As the death toll rises from yesterday’s terrible crash of an Indonesian Air Force C-130B Hercules, two sets of questions emerge: the first concerns the number and type of passengers on board, and second, the state of Indonesia’s ageing fleet. Today on Twitter, Evan Laksmana made some salient observations:
According to TNI-AU chief Air Marshal Agus Supriatna, the plane was authorised only to carry military personnel and their family members; a common practice for remote postings. Associated Press has reported that 32 passengers on board the C-130 were not designated either category. Family members of some of the victims reveal some passengers were willing to pay for their seats on the C-130 rather than board a commercial aircraft because it was cheaper. Supriatna has said he would fire any officer involved in commercialisation of the flight. If that’s the case, I have some more questions: how often are these practices occurring? Are the aircraft being used to transport other goods? Was this more rent-seeking behaviour from TNI officers, and why?
Other questions have been raised about the air worthiness of the Hercules. President Jokowi has called for an investigation into the cause of the accident, as well as a ‘fundamental restructuring’ of TNI’s capability management and procurement.
TNI must legitimately review its capability development cycle. But some politicians and lawmakers in Indonesia are quick to reduce the matter to developing indigenous capability over acquiring secondhand platforms like the C-130. For instance, when an F-16 jet caught fire at a military parade for the President in April, Supriatna declared that Indonesia shouldn’t have bought used jets, arguing the money would have been better spent on new ones. But Prashanth Parameswaran explains, it’s not a simple dichotomy; the decision at the time to buy older yet upgraded aircraft was a reflection of complex considerations.

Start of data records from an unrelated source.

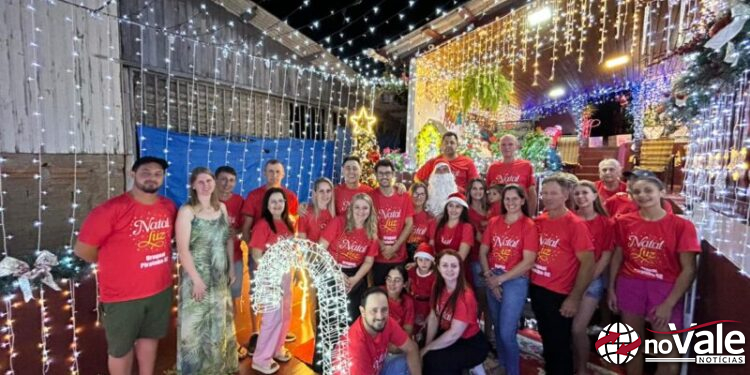 Piratuba: Cerca de 400 pessoas participam do 12° Natal Luz no Distrito de Uruguai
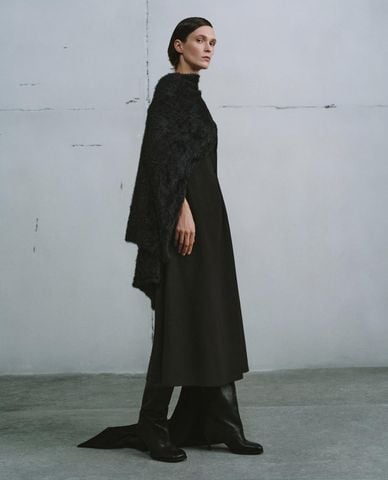  URBAN REVIVO - Đầm midi cổ tròn tay ngắn xoắn eo 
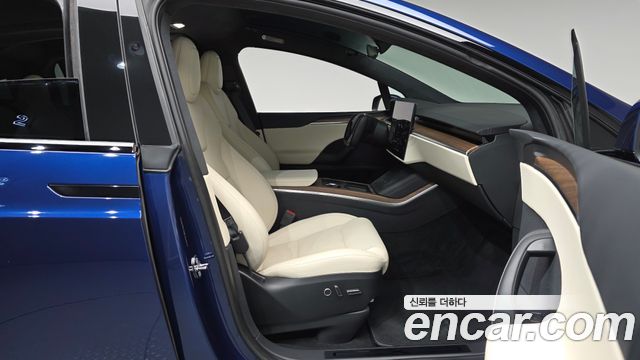 Tesla Model X 2024 — photo 16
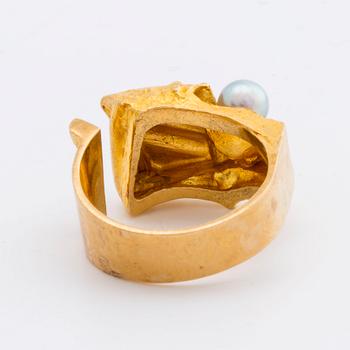 LAPPONIA RING 18K gold w 1 cultured pearl approx 5 mm, design Björn Weckström 1973 "Ukkoshelmi", hallmark Finland.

If the aircraft are upgraded and in good working condition when they are handed over, what systems does Indonesia have in place to maintain and sustain them? When Australia agreed to sell Indonesia used C-130Hs in 2012, the MoU clearly stated that Indonesia would be responsible for refurbishment and maintenance costs.
I haven’t seen a report yet for the F-16 that caught fire in April and the results of the C-130 investigation won’t be available for some time. But, until it acquires newer platforms or builds its own, Indonesia will need its current fleet of used C-130s for HADR operations and to move troops around. Hopefully the good from this disaster is another push for TNI to be transparent in how it maintains its airframes and how its officers are using them.